Dr. Ogenga is a Professor of Communication and Media Studies, the Head of the Department of Communication, Journalism and Media Studies, Rongo University, Kenya and the Founding Director, Center for Media, Democracy, Peace & Security (CMDPS). He writes expert commentaries for the Daily Nation and Standard mainstream newspapers in Kenya, has been quoted by leading global news outlets such as the Voice of America (VOA) and participated in a UN policy round table on Media Representations of (in) Security in Africa. He has contributed several peer-reviewed scholarly journal articles on media, elections, conflict, de-radicalization and peacebuilding in Africa in journals such as Journal of African Elections, Africa Conflict and Peace-building Review, Conflict and Communication Online, Media and Democracy Journal, Global Media Journal, Journal of Journalism and Mass Communication, Africa Journal of Democracy and Governance, Congo Afrique, Semiotica – Global Journal of Semiotics among others.
Dr. Ogenga is a beneficiary of the 2014 and 2016 Africa Diaspora Fellowship (ADF), recipient of the 2014 Africa Peacebuilding Network (APN) Research Grant, Carnegie Fund for Conference Attendance and APN’s 2017 East Africa Media Training Workshop Grant. He is also a recipient of the 2016 Southern Voices Network for Peace building Scholarship (Woodrow Wilson International Center for Scholars, USA). Ogenga has worked as a Visiting Scholar on Media and Sociology at the Institute for the Advancement of Social Sciences (IASS), Boston University, USA and was appointed a Visiting Researcher at the African Studies Center, Boston University, in 2015. Currently, he has been appointed as a member of the International Panel for Exiting Violence (IPEV).
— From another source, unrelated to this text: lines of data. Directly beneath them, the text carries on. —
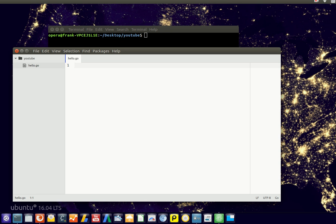The first thing we'll do is create a Hello World program in Go programming language. So we'll have here hello.go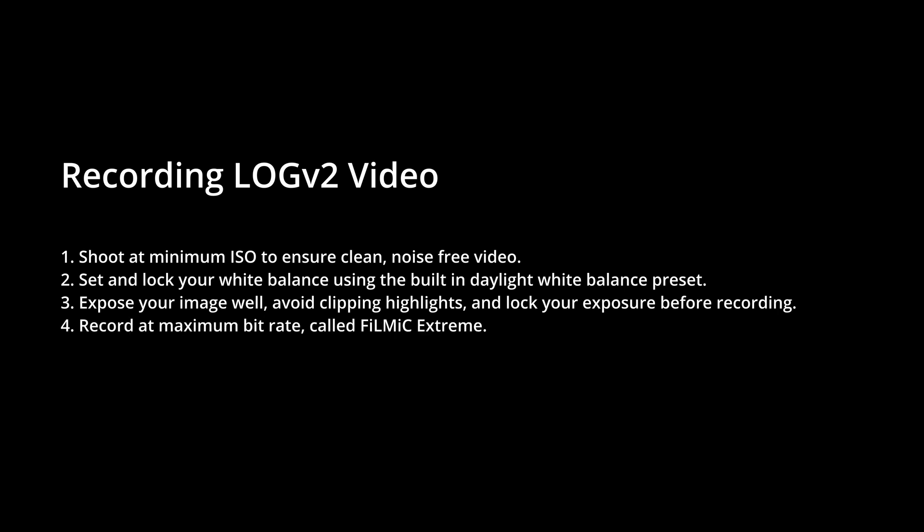Record at maximum bitrate. This is called Filmic Extreme. You can access this in the Settings menu under Resolution. I recommend you use an ND filter or variable ND filter when shooting in bright conditions in order to keep a low shutter speed for more natural looking motion blur.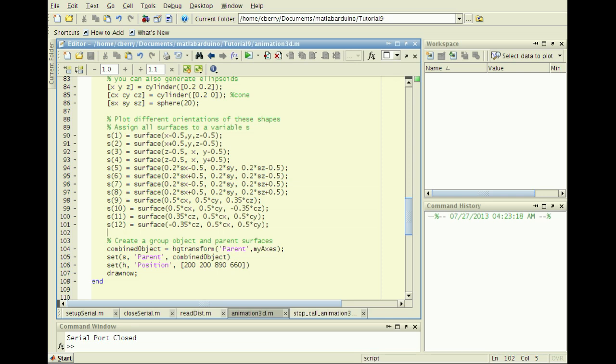The term parent property is a relationship between objects, allowing the surface objects we created to be grouped together so that HGTransform operations can be performed on the combined object.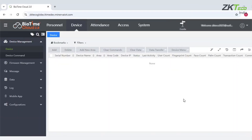Now I am in the device module of the Biotime Cloud 2.0 application. I am going to show how we can connect the ZKTECO biometric machine with the Biotime Cloud 2.0 application.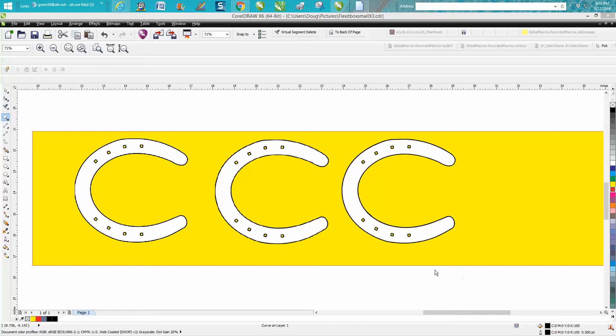Hi, it's me again with CorelDraw Tips and Tricks. Somebody left me a message on one of my videos asking how to draw a horseshoe. It could be drawn, but it'd be a lot easier to just start with clip art.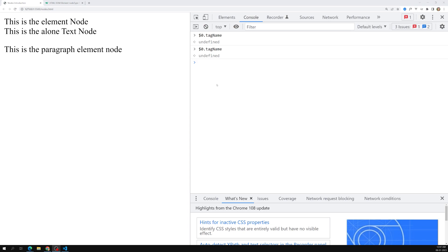Hope you understood about the nodes concept and the difference between tagName and nodeName. If you have any questions, please post in the comments below. If you like this video, please support me by subscribing to my channel. Thank you.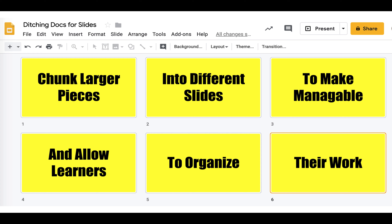Slides get rid of that endless scroll and allow students to chunk information into smaller pieces. This aids in focusing on the relevant information at the time, and then it allows learners to easily organize the flow of their work.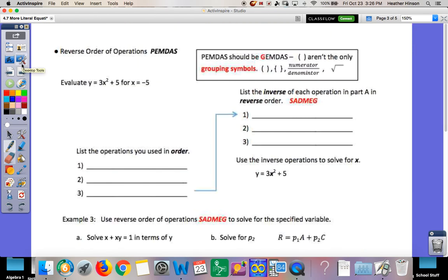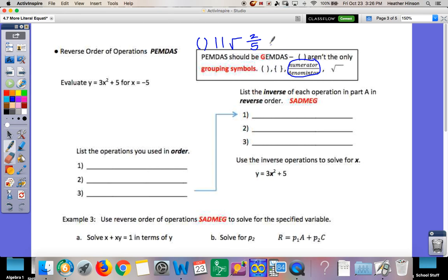On the next page: reverse order of operations — reverse PEMDAS — but it really should be GEMDAS, because parentheses aren't your only grouping symbol. You can have parentheses, absolute value, square roots, fractions, braces, or brackets. If we change it to GEMDAS, then the opposite order is SADMEG: subtraction, addition, division, multiplication, exponents, and grouping symbols in general — not just parentheses.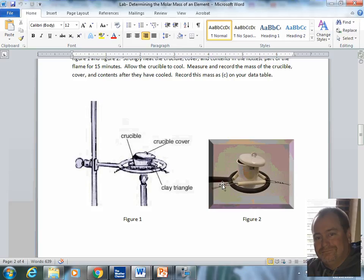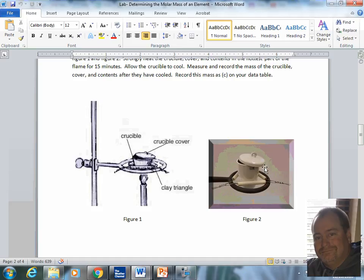Notice the O-ring, notice the clay triangle, the crucible, the lid, but the lid isn't setting firmly on the crucible. This is because we need to vent the crucible so that the oxygen can escape. So make sure that you have this vented. Now one of the most common injuries that I see in the lab is this is very unsturdy right here.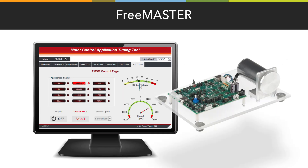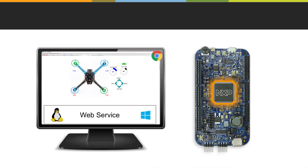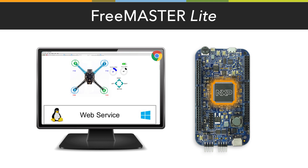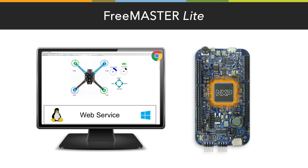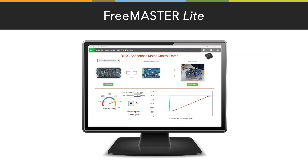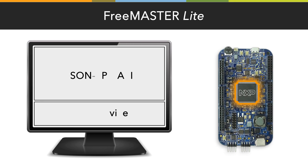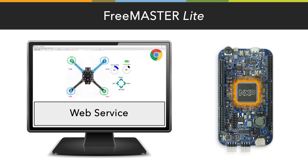Freemaster also functions as a framework to develop other configuration and monitoring tools for NXP solutions. An additional option called Freemaster Lite allows you to see your data visualization on a web browser. Users can connect to an embedded application directly via a web server with JSON RPC calls, enabling demos or tools made in HTML to run directly from the browser.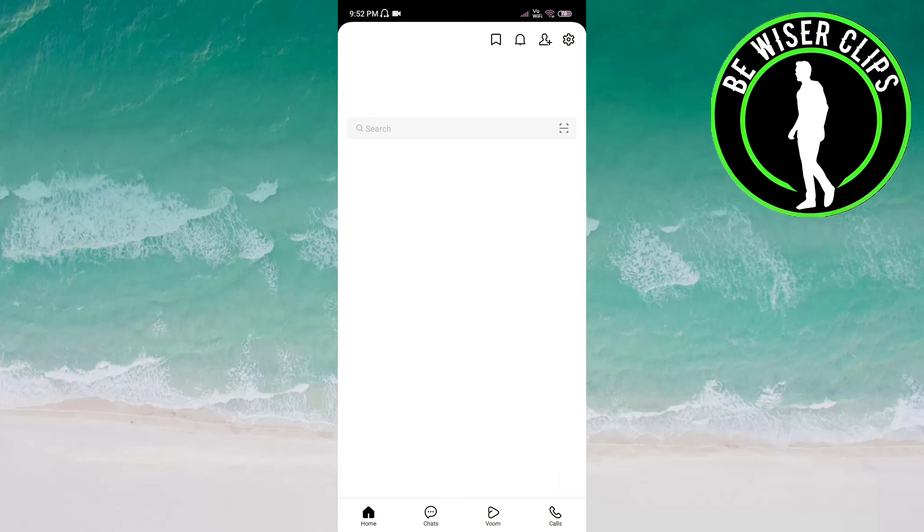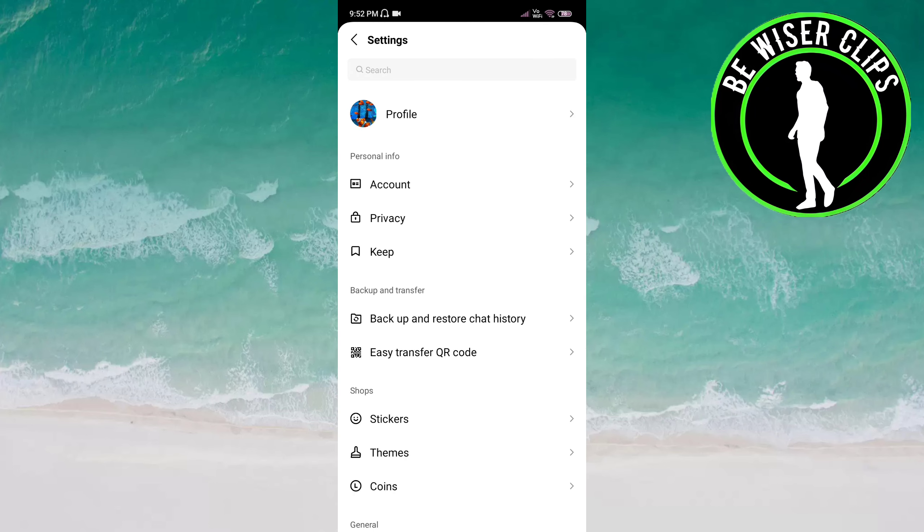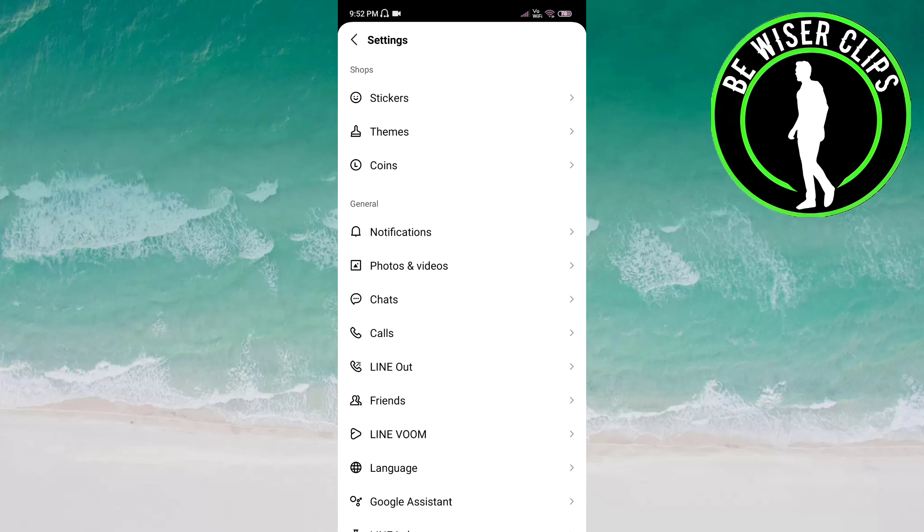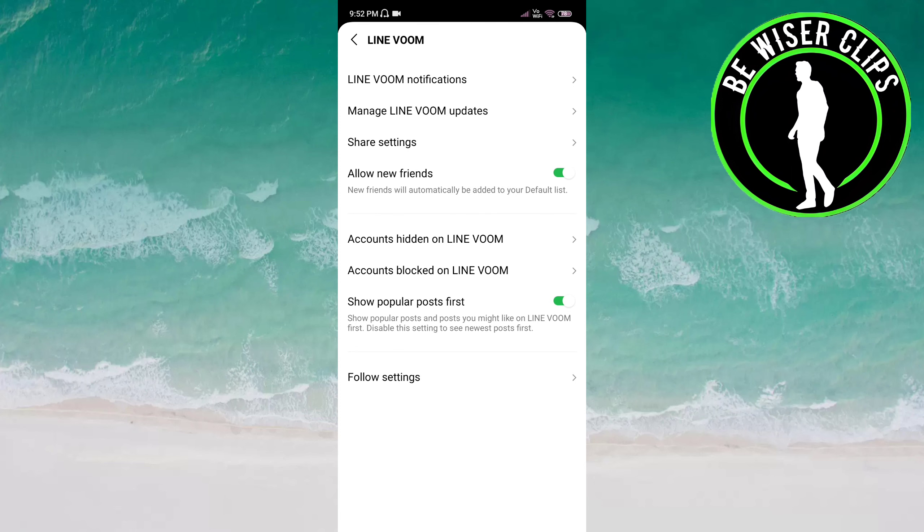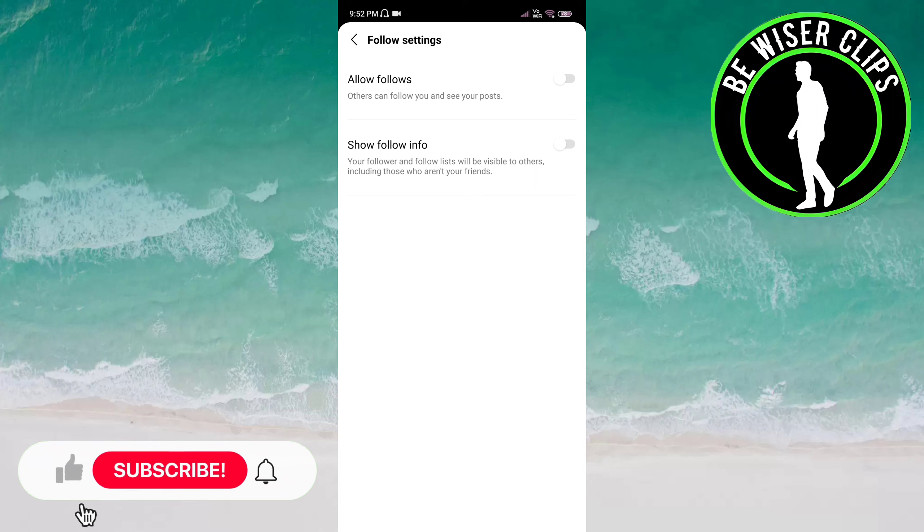Click on Settings on top of the screen on the right side. Here you have to click on Line Voom. Now you have to click on Follow Settings. Here you can see the Allow Follows option. Click on this to activate it. Now others can follow you and see your posts.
At Rongo University’s Center for Media, Democracy, Peace and Security, Ogenga is championing a pan-African journalistic institutional approach as a means of preventing violent conflict. The approach is premised on Hybrid Peace Journalism (HPJ) pan-African philosophical and methodological gnosis to media representation of conflict and peacebuilding.in Africa anchored on Utu or Humanity, Umoja or Unity and Harambee or collective belonging.